Dreams of Peace & Freedom : Part X

 

There are Waters

Words from Rupert Brooke's War Sonnets IV and II

Music by Sue Casson

 

International Magna Carta

Words from David Maxwell Fyfe's preamble to the ECHR

Music by Sue Casson

 

David Maxwell Fyfe :

Robert Blackmore

Sung by Sue and Lily Casson Played and narrated

by Sue Casson

 

Violin : Mary Young

   Cello : Fraser Bowles

 

Recorded and mixed at

Lana Banana Studios

 

Two songs tell of David Maxwell Fyfe's role in Europe following WWII.

 

There are Waters - a musical free setting by Sue Casson of Rupert Brooke's War Sonnets IV and II interweaves with David Maxwell Fyfe's account, taken from his autobiography, of how he came to be part of the United Europe Movement responsible for drafting the convention of human rights.

 

Then his draft words to introduce the European Convention are set as a descant to her setting of

Magna Carta from Part I in the International Magna Carta.

 

There are waters blown by changing winds to laughter

And lit by the rich skies, all day.

 

These lines from Brooke's War Sonnet IV suggest the winds of change blowing through Europe after the war.

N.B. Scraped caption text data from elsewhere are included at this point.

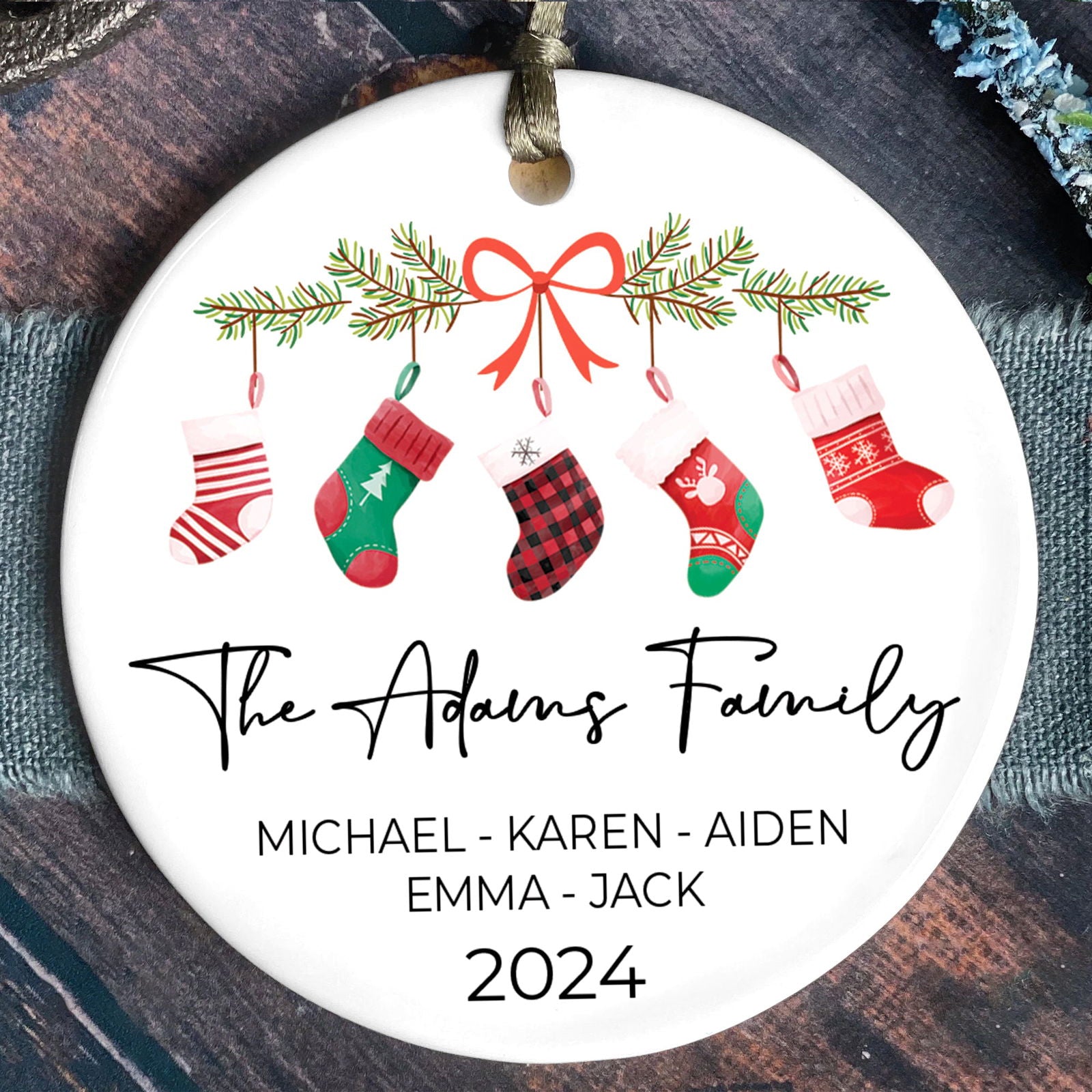Personalized Family Stocking Ornament With Names and Year, Personalized Family Ornament CX01-36 - Kindlytoys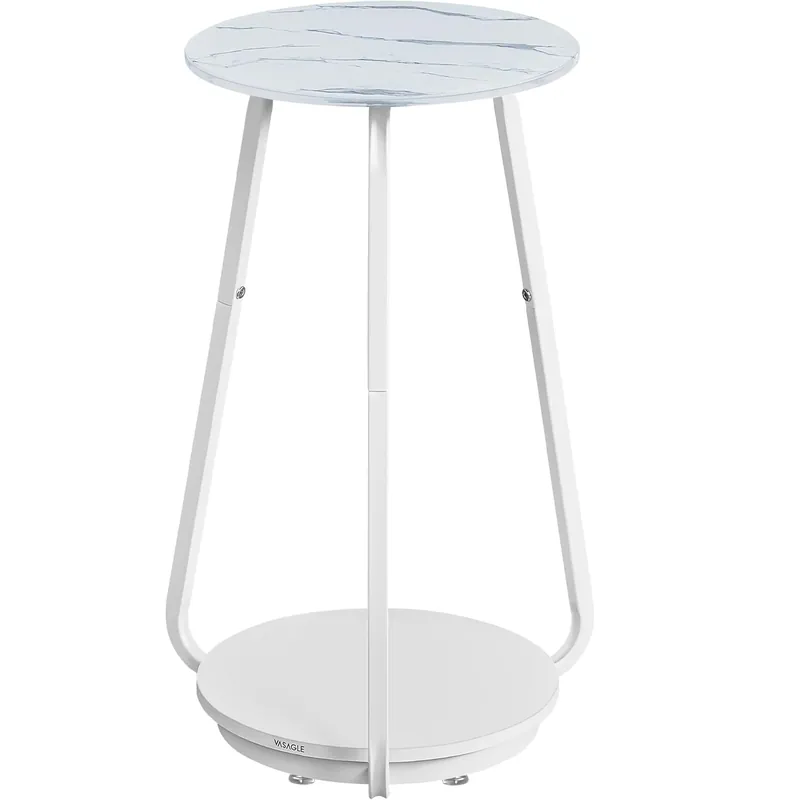 Discount VASAGLE Masuta rotunda tip noptiera, blat din sticla si raft inferior din PAL, cadru metalic, 30x30x55 cm, alb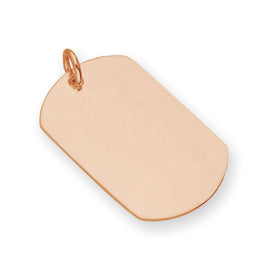 Rose Gold Plated Sterling Silver Large Dog Tag Charm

Winds of change that David Maxwell Fyfe, as part of the Council of Europe, was very much responsible for fanning. They are blended in verse 2 with words from his Sonnet II, as the 'blown' waters swell to ‘dark tides’, before the ‘unshaken’ peace and rest of port. To echo the lack of formality of the setting, the melodic line has echoes of popular 1940s dance band, combined with the folk voice that is the other strand to the sound of Dreams of Peace & Freedom.

 

The International Magna Carta, a title taken from Eleanor Roosevelt's description of the Universal Declaration of Human Rights draws an explicit parallel between the Magna Carta and the ECHR. In this song David Maxwell Fyfe’s suggested preamble to the European Convention becomes a descant to an echo of Magna Carta from Part I, to make the association between the two musically clear.